Figure 4. Ex situ HAADF-STEM images illustrating the reversible electrochemical reactions and the formation stable Fe3O4 layers. a), The 1st discharge. a1,2), HAADF images showing that a Fe3O4 shell was formed on the outer surface of FeF2 and speckle-like interconnected Fe particles are distributed inside the big particles due to the reduction of FeF2. a3), Atomic HAADF-STEM image showing that Fe network was formed inside the big particle. a4), Atomic HAADF-STEM image showing the formation of an about 2 nm thick Fe3O4 surface layer. b), The 1st charge. b1), HAADF images showing that the fine particles formed during discharge (a1,2) seem to have coalesced into a whole one with the shell remained intact. b3), HAADF-STEM image of the particle interior demonstrating the formation a Fe network (a3) reconverted to FeF2 with dislocation. b4), HAADF-STEM image showing that an about 2 nm thick Fe3O4 surface layer still remained after charge. c), The 10th discharge and d) the 10th charge. Similar to the first cycle, an Fe network was formed inside the individual big particles (c3), and an about 2 nm-thick Fe3O4 was formed on the surface after discharge (c4). The Fe3O4 layer remained unchanged (d3), and the Fe network reconverted back to FeF2 (d4). Note that FeF2 particles with varying orientations were observed after the 10th charge.

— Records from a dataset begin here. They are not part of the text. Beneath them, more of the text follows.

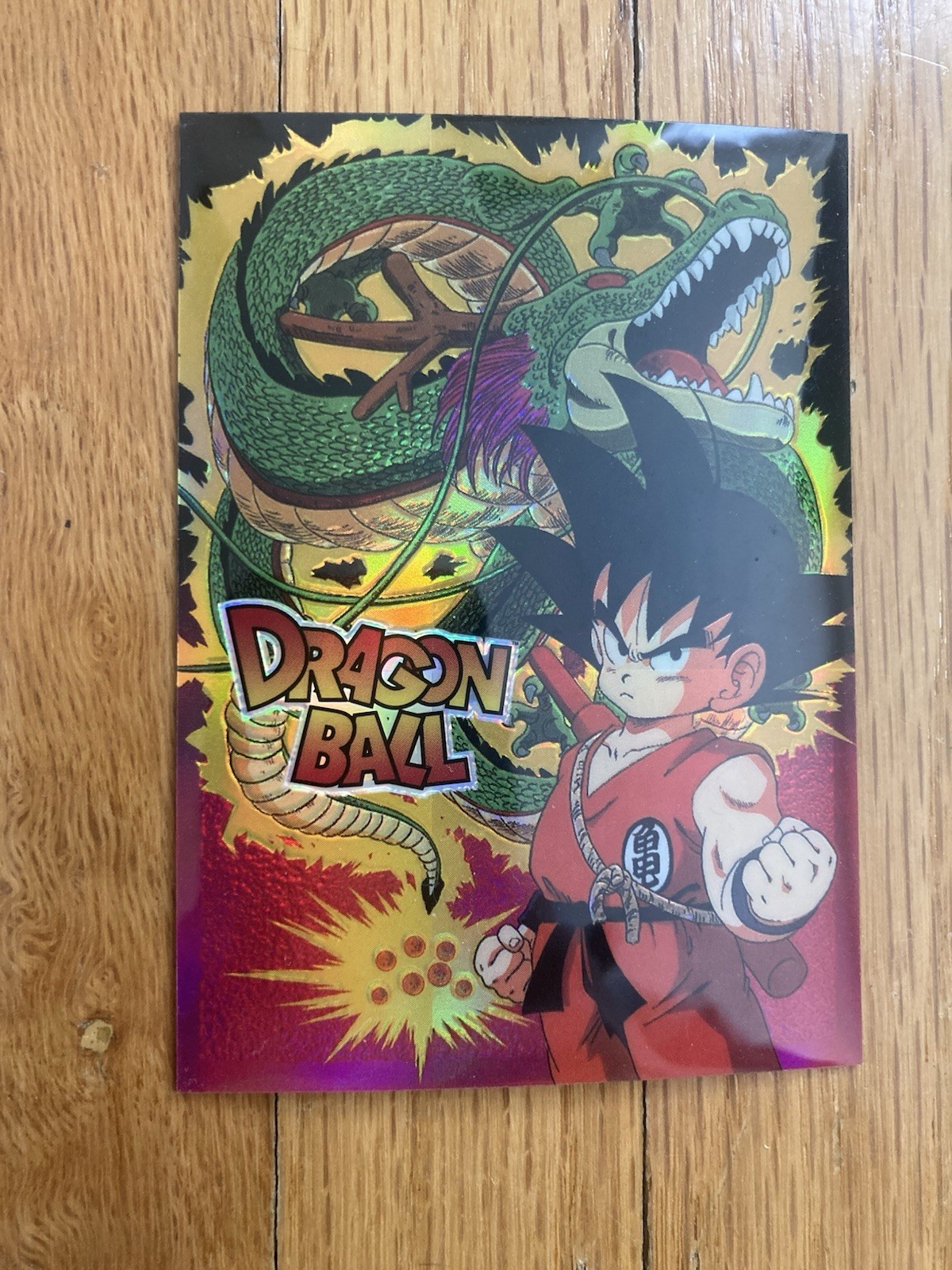 Rare Dragon Ball Card - Chromium promo -1995 FUNimation - Japan Printing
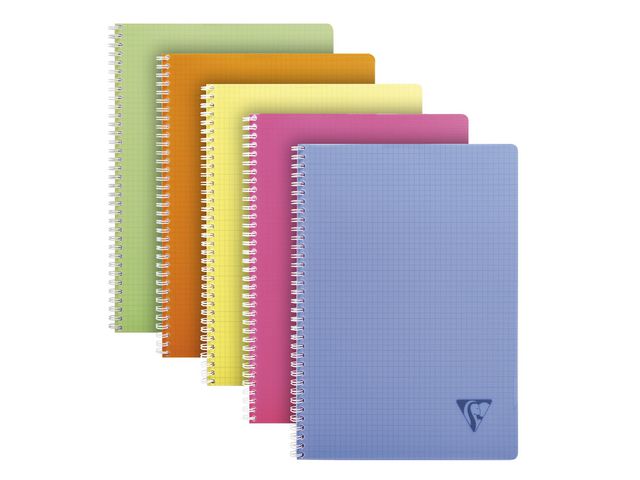 Notatbok CLAIREFONTAINE Linicolor A4 rut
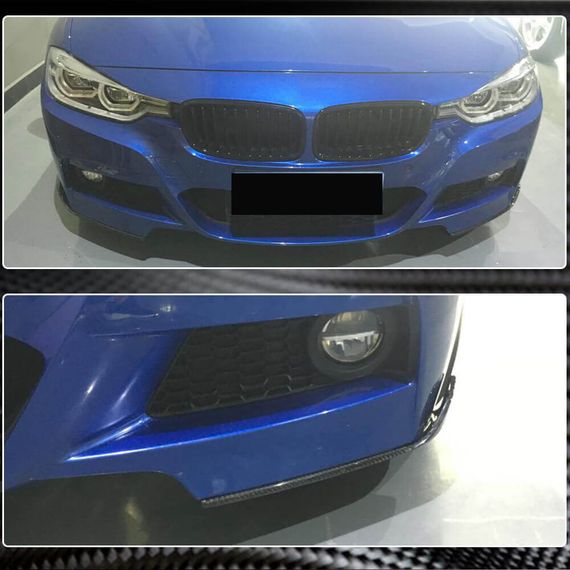Накладки на передній бампер Flap (для F30 M-Sport, Карбон) для BMW 3 серія F-30/31/34 2012-2019 рр | Зображення 3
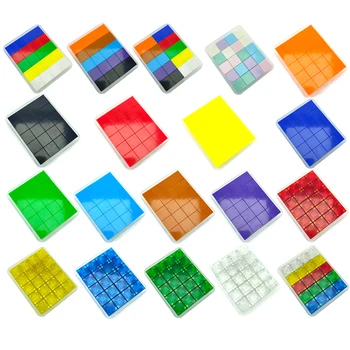 Magentic Building Block Cube Учебни помагала по математика, очите улов магнити, Геометрични квадрат за деца, 20 бр/компл.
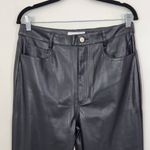 We Wore What  Black Vegan Leather Pants NWT Size 31 Revolve leather pants Photo 2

Note that FeF₂ with size of 5 nm and with different orientations was observed inside the particle after the 10th charge (Figure 4d3 and Figure S22, Supporting Information). This is possibly resulted from the electrochemical induced grain refinement: namely, during discharge, large FeF₂ particles are refined into smaller Fe domains; during charge these small Fe domains are converted back to FeF₂, leading to the formation of smaller FeF₂ grains. Noteworthy the Fe₃O₄ shell was robust and stable during cycling, and its morphology did not change significantly after 10, 100 or even 1000 cycles (Figure 4c4, d4, Figures S23 and S24, Supporting Information). Note that the discharge voltage of Fe₃O₄ is below 1 V (vs Li+/Li).^[27] Therefore, Fe₃O₄ did not participate in the electrochemical reaction but it did play critical roles in conducting Li+, preventing the deleterious cathode/electrolyte interfacial reactions and dissolution of CAMs.

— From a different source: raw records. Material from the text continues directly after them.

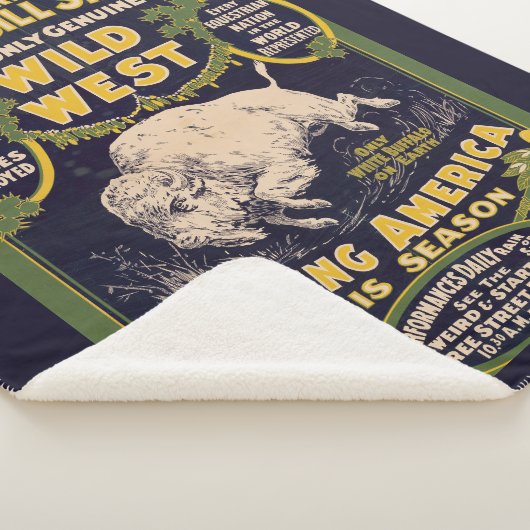 De grote Pawnee Bill Shows,  Circus Poster Sherpa Deken (3/4)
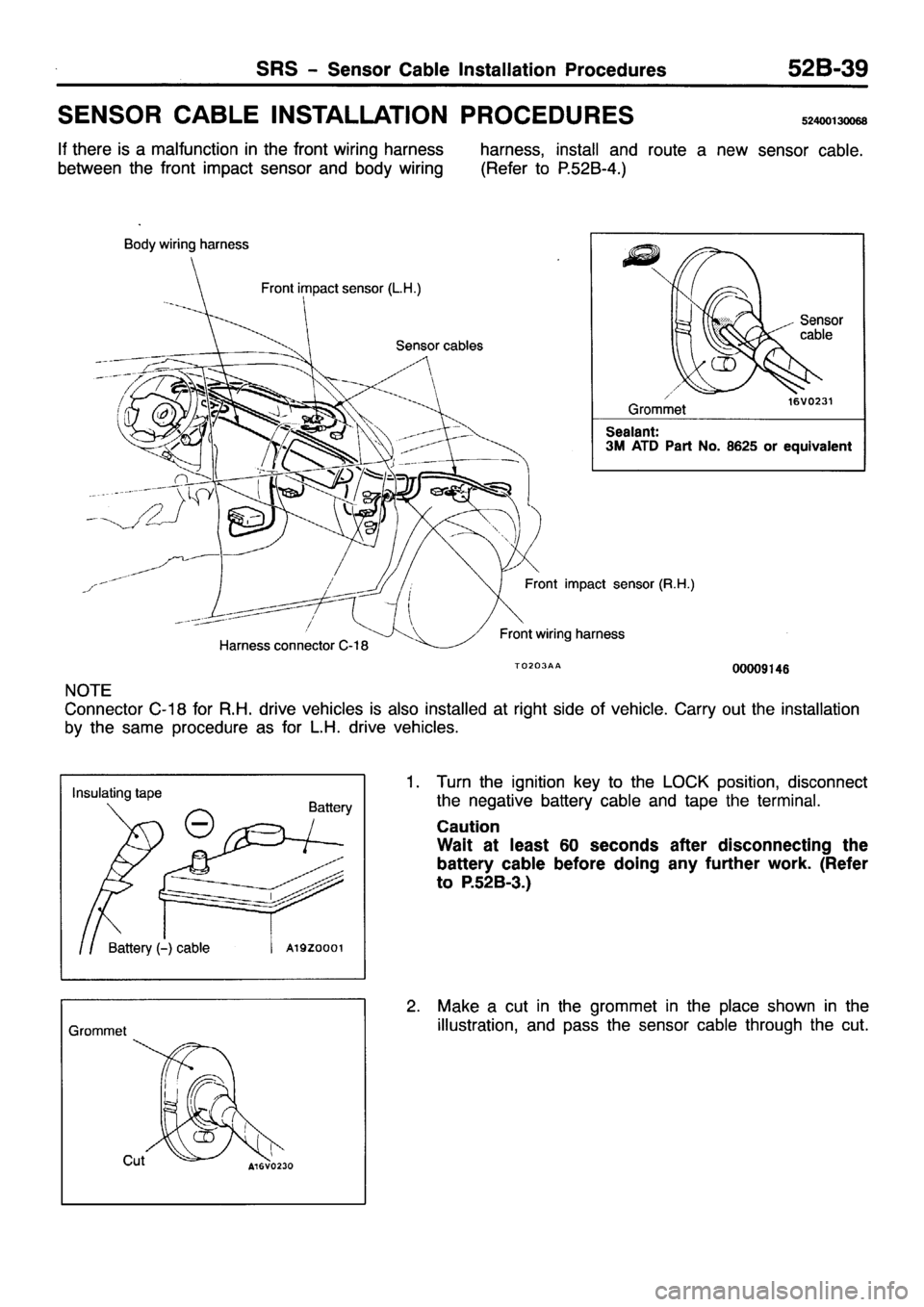 MITSUBISHI PAJERO SPORT 1999 Workshop Manual MITSUBISHI PAJERO SPORT 1999 Workshop Manual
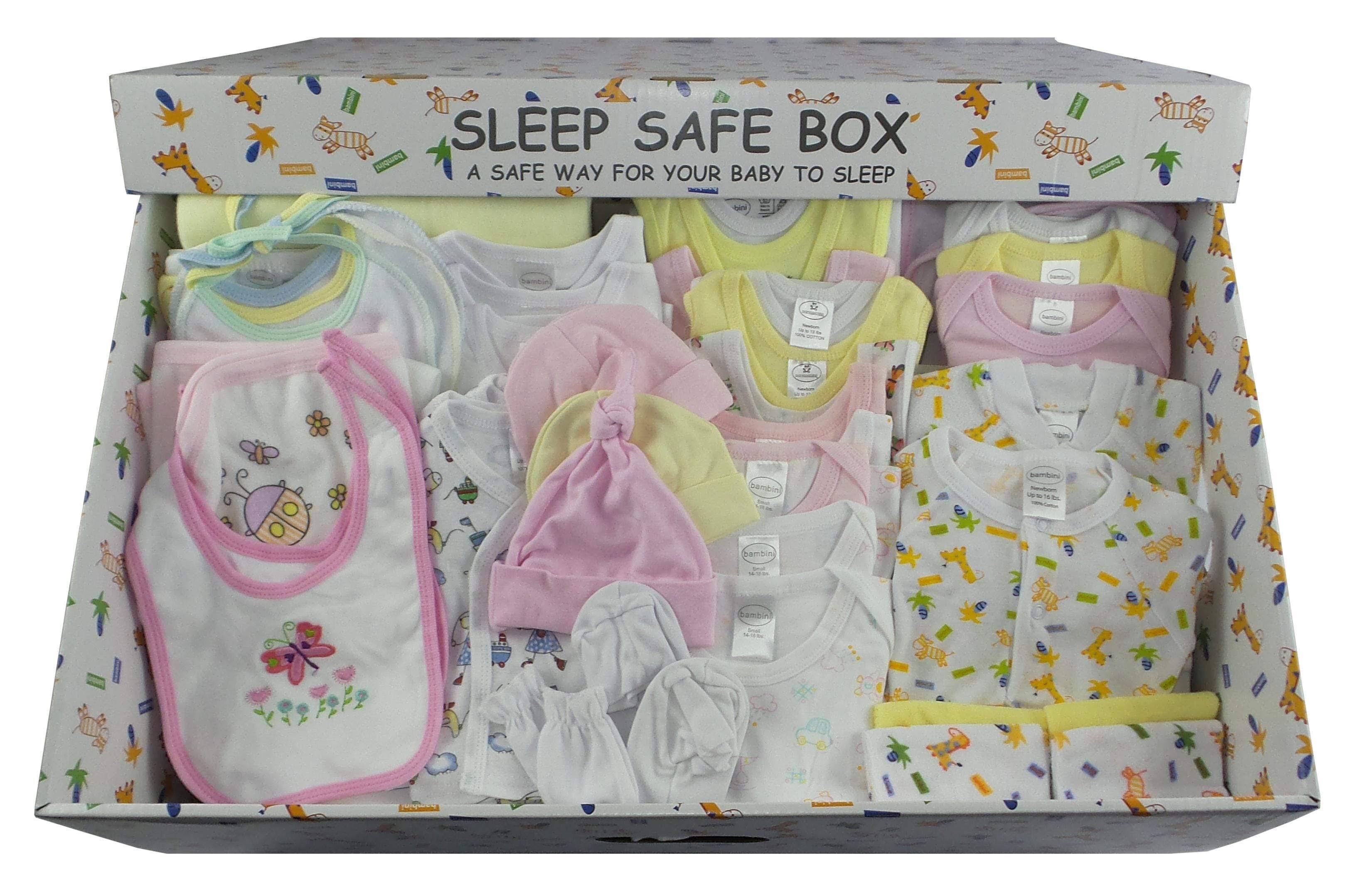 Boy 45 Piece Baby Starter Set Box, Blue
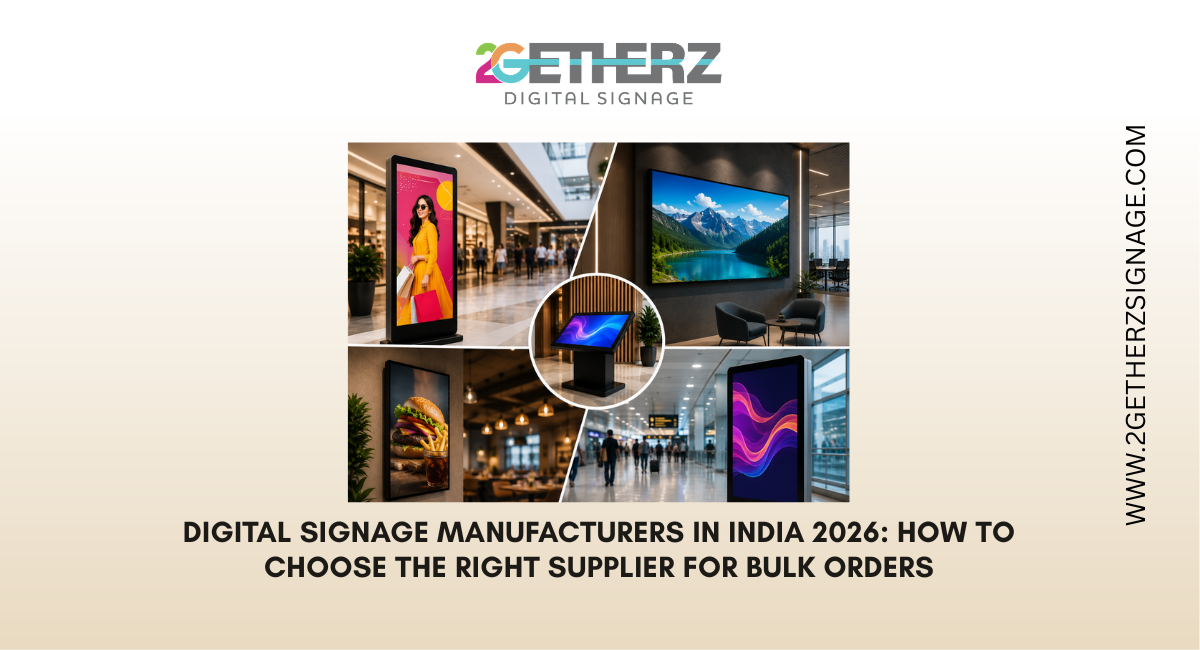 Digital Signage Manufacturers in India 2026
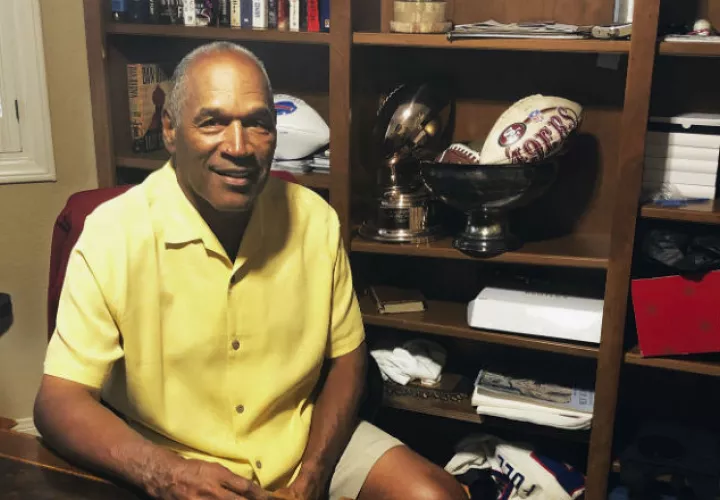 O.J. Simpson en su casa de Las Vegas. Foto:AP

Apparently the Fe₃O₄ shell is critical to the achievement of excellent electrochemical performance. We suggest that the Fe₃O₄ shell was formed due to oxidation of Fe formed after the first discharge. To test this hypothesis, cryo-TEM (90 K) with vacuum transfer capability was used to characterize the fully discharged FeF₂ nanoparticles without PDC. The results show that the discharged particles were surrounded by a Fe₃O₄ layer, which was deduced from the lattice fringes with an interplanar distance of 2.50 Å that well matches the (311) plane of Fe3O4 (Figure S25, Supporting Information). The elemental mapping further confirms that the surface shell consists of Fe and O (Figure S26, Supporting Information). Therefore, we conclude that the Fe₃O₄ shell was formed from the electrochemical reaction rather than an artifact due to sample preparation. The formation of Fe₃O₄ was possibly caused by the reaction between the reduced Fe with the residual O in PDC, or with the O from the initial permeated electrolyte. Regardless, the O will be captured by the Fe atoms extruded from the first discharge. The mechanical strong and dense Fe₃O₄ with significantly decreased catalytic activity may have passivated the CAMs, thus hindered detrimental electrolyte decomposition and leaching of CAMs. Note that even in high concentration (3M) LiFSI/DME electrolyte, the CEI layer formed outside the Fe₃O₄ layer was unstable during cycling (Figure S27, Supporting Information). Moreover, an oxide layer can also form even in low concentration electrolyte (0.1 mol) (Figure S28, Supporting Information). These results further assert that it is the Fe₃O₄ layer rather than the CEI plays a significant role in stabilizing the cathode/electrolyte interface.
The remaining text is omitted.